You can use React to create “flash diagrams” showing the result of mixing two fluids in all possible mixing ratios. Double-click on file “flashBa++.rea”, and when React opens, go to the Basis pane
The pane shows concentrations of the dissolved components in the first fluid. The fluid is rich in Ba2+, but has a low SO42−concentration.
Equilibrate the fluid by selecting Run → Go. Next, select Run → Pickup → Reactants → Fluid. This “picks up” the result of our calculation and moves it to the Reactants pane
The first fluid is now a reactant that will mix into the second fluid.
Move back to the Basis pane, which is now empty, to set the composition of the second fluid. Drag file “flashSO4--.rea” into the pane. If a dialog box opens with the message “Reset configuration before reading script?”, be sure to click No
In contrast to the first fluid, the second contains little Ba2+, but is rich in SO42−.
On the Config → Stepping… dialog
select the flash → fluid option and click OK. In a flash model, React removes the original fluid continuously as it adds the reactant fluid.
Select Run → Go. React will move to the Results pane and trace the simulation
Click on to launch Gtplot. Configure the plot as indicated below:
The resulting flash diagram, showing the results of mixing the two fluids, should look like this
The horizontal axis shows the extent of mixing from purely the first fluid (seawater, on the left) to purely the second (brine, on the right); a mixing value of 0.4, for example, represents a mixture of 60% of the first fluid and 40% of the second.
We also plotted the concentration of the Ba++ and SO4−− components in the fluid and assembled the two plots into a single figure in MS PowerPoint.
The added Ba++ reacts with SO4−− , which is in excess, to form barite. As a result, it does not accumulate in the mixture until the SO4−− becomes limiting.
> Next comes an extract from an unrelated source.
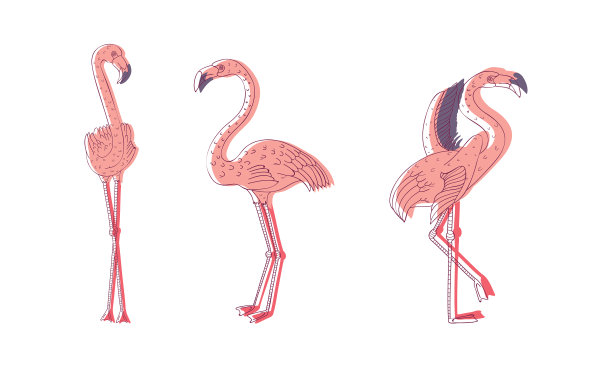 粉红色火烈鸟，脖子和腿长而弯曲图片下载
The SO4−− concentration decreases due to dilution and barite precipitation
In a variation of the calculation, we can repeat the mixing assuming no saturated minerals precipitate, perhaps to simulate the case of a successful chemical inhibitor treatment. On the Config → Iteration… dialog
uncheck the box labeled “precipitation” to prevent mineral formation.
Return to the Results pane and click Run to recalculate the model.
Plot the saturation state of barite as a function of mixing fraction. How do the concentrations of the Ba++ and SO4−− components differ from the previous simulation?
With no precipitation, the concentration of both components simply varies linearly with the mixing fraction. Looking at the saturation state of barite, the mineral is undersaturated in either end-member fluid, but becomes supersaturated in just about any mixing fraction
We now consider the offshore oil fields of the North Sea basin, where scaling in the formation and wellbore by sulfate minerals poses a considerable problem (e.g., Todd and Yuan, 1990, 1992; Yuan et al., 1994). Scaling occurs when seawater is used as a flooding or lifting agent during petroleum production.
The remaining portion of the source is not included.